Love madness.Dear my precious one,



I never thought seeing someone like you. You totally clashing of what I am thinking of you are. Turn up the individual that I think will broke my heart one day, is essentially my Prince Charming. You are my eyes, my ears, my hand and my leg. You are my heartbeats. Pretty much, you are my everything. The way you carried yourself and the way you teach me to do the same flabbergast me. I am stunned, bewitch by your love. Love that I guess been kept from me for this 20 years. I am fortunate, I must say. I found the one, I dare say. My life is with you and I am so delighted. It is never too early for me to feel this kind of love, love that felt so true, to give so sky-scraping commitment as I am saying I am fortunate and I’ve done playing around. I am committed to this one particular person, forever, I wish. This is not a gag, puppy crappy love. No. Some people couldn’t even find the love they desire. I lost somebody and I found you and ever since that I never looked back. Never and never flashing back all the history which not including you. For now, it is all you and I am happy that way. I dare not to say what we had now is faultless, perfect but I will say it is more than enough. More than I ever expected from you. We are imperfect, there is always something off beam and we sometime can’t shun ourselves from arguing about it. But like you’ve said, it’s the process for us to know each other, to link with one another. You said it will irk without some argument, raising voice or madness upon this relationship.I must agree on that. We bring tears, laughter and happiness to one another. We complete us. We are contrast that compliments each other. I am going to hold on just like you will.

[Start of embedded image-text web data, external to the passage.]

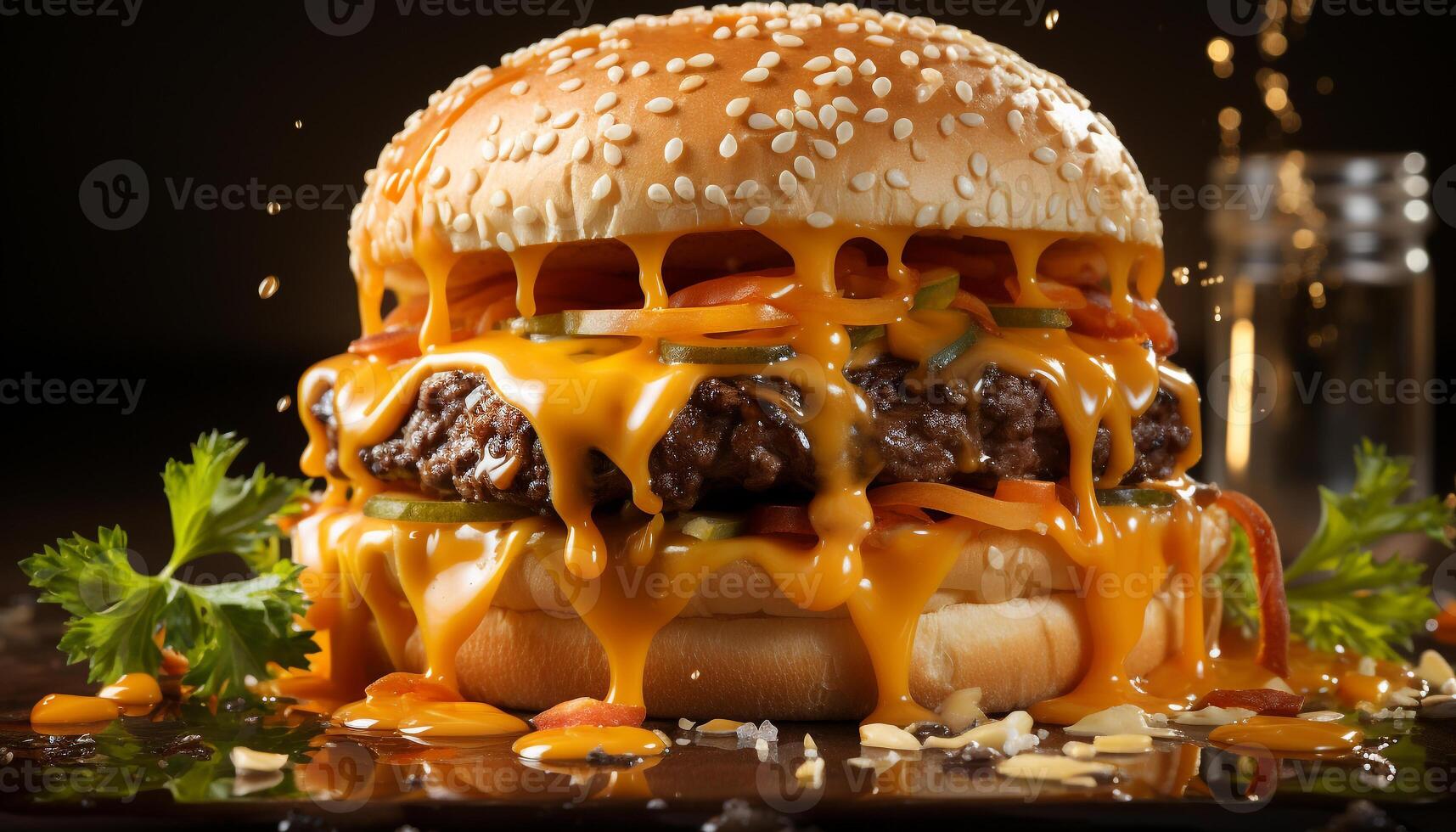 AI generated Grilled beef burger with cheese, tomato, and fresh vegetables generated by AI photo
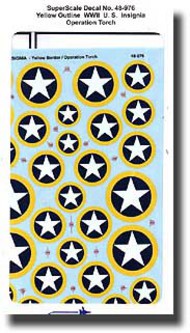  Super Scale Decals  1/48 Yellow Outline WWII U.S. Insignia SSI480976
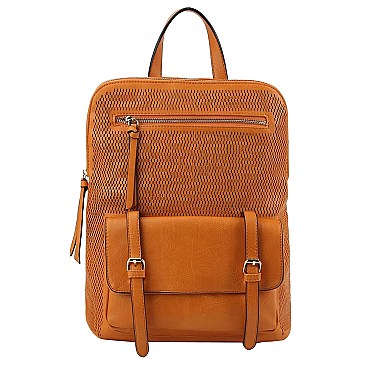 Convertible Perforated Backpack Satchel with Tablet Holder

For thousand times I will always say that I am sorry being impractical and ridiculous sometime. I am sorry freaking out about brainless stuff.I am sorry putting you in several circumstances (did I??) And tell you what? Don’t you ever feelinsecure about me being social-butterfly, centre of attention or you are nonsensically think that someone will kick your ass and take me away from you. No, no that wouldn’t happen. I don’t want to kill myself, no. Told you, you are my heartbeat. There’s no one will win my heart like you did, hubby. I am very imperfect. Everyone does, but my imperfection causes heartache, misery to you sometime, right? I am extremely stubborn. I am highly ego. I like to take control in almost everything. But still, you love me the way I am. You said that’s what so special about me other than the way I care about you. You always think that I am giving up on you. No, never. I will always remember the day you’ve taken care of me when I am sick. I will always remember the way you look at me. I will always remember the way you touch my hair and flip it from hiding my forehead. I will always remember the day you cry when you told me your darkest secret. I will always remember the way you say “ I LOVE YOU ” to me. I will always remember the steps that we had when we dance.I will always remember every single thing about you. I am poison by you. I am hunger for your love. And I will always be. I am having the greatest experience of my time which is being with you. I love you and I love you.